→ EXERCISE BRIEF
Start the copy at the line containing "Girls back to school bubble necklace" and run it through the last line of the records. Repeat each line exactly; omit pictures.

→ DATA RECORDS
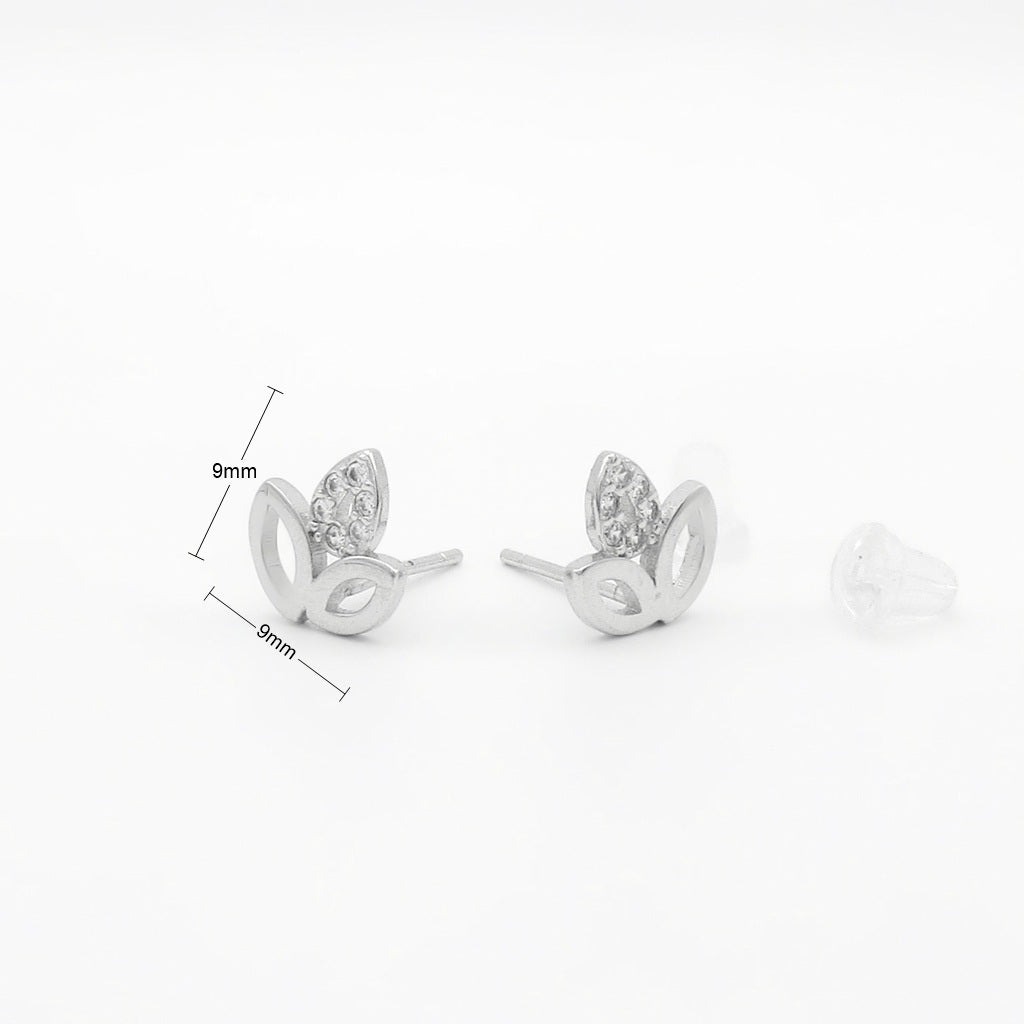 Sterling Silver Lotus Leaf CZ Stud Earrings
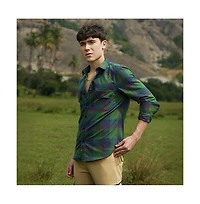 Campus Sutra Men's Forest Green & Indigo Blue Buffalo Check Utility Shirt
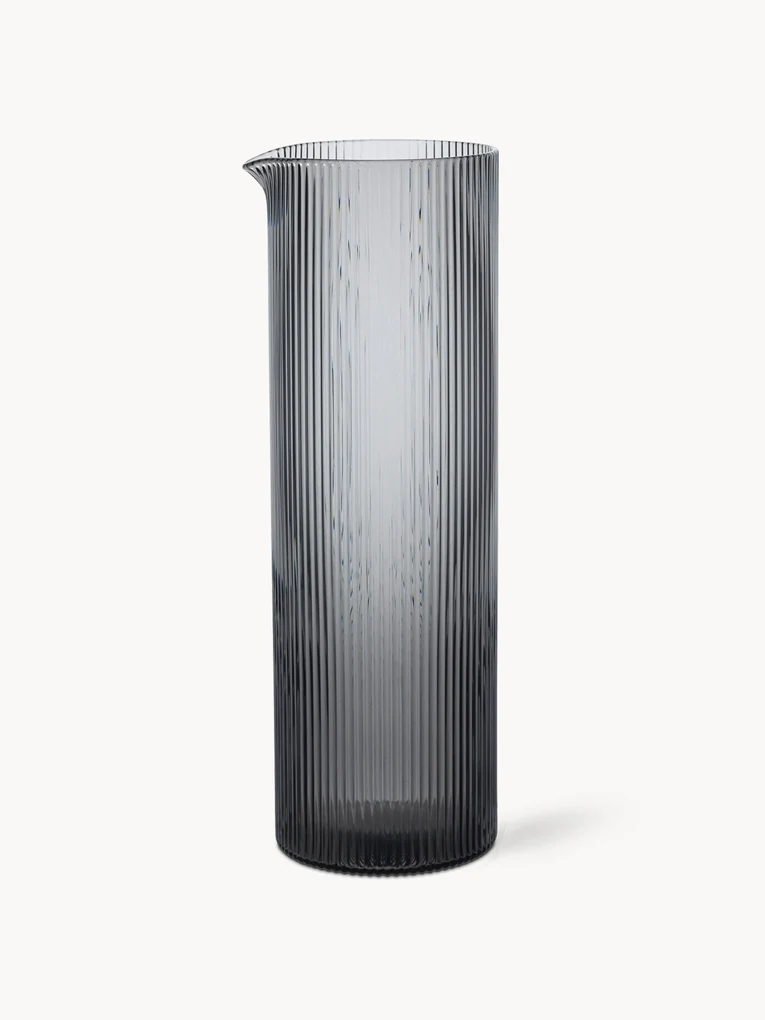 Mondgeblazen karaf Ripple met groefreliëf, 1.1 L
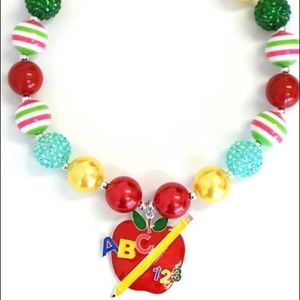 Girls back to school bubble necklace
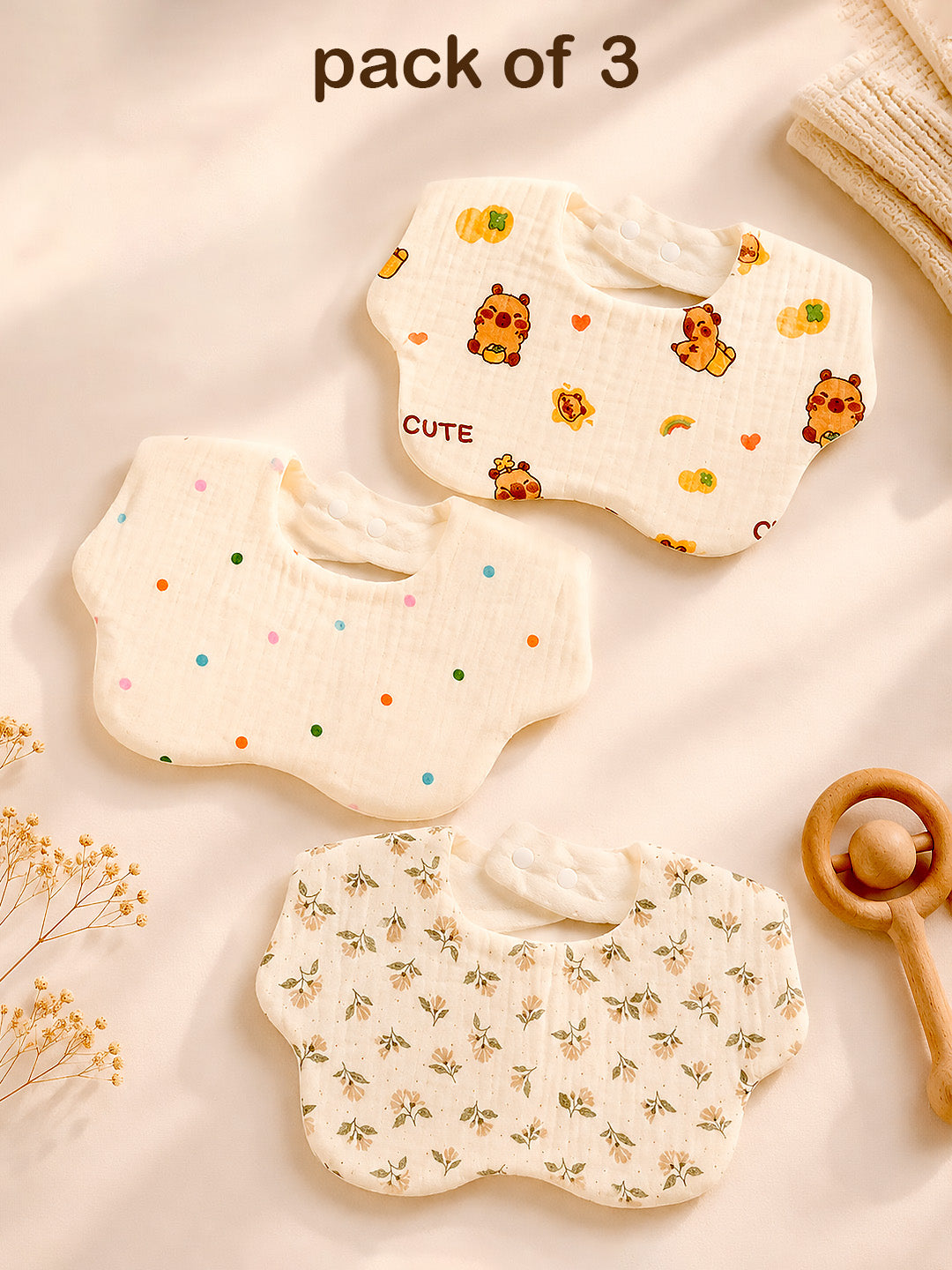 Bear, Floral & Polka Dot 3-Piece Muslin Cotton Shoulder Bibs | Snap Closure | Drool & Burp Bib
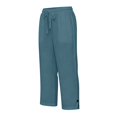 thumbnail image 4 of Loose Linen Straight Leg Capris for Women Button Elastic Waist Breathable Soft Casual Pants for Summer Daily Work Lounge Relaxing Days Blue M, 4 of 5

→ ANSWER
 Girls back to school bubble necklace
 Bear, Floral & Polka Dot 3-Piece Muslin Cotton Shoulder Bibs | Snap Closure | Drool & Burp Bib
 thumbnail image 4 of Loose Linen Straight Leg Capris for Women Button Elastic Waist Breathable Soft Casual Pants for Summer Daily Work Lounge Relaxing Days Blue M, 4 of 5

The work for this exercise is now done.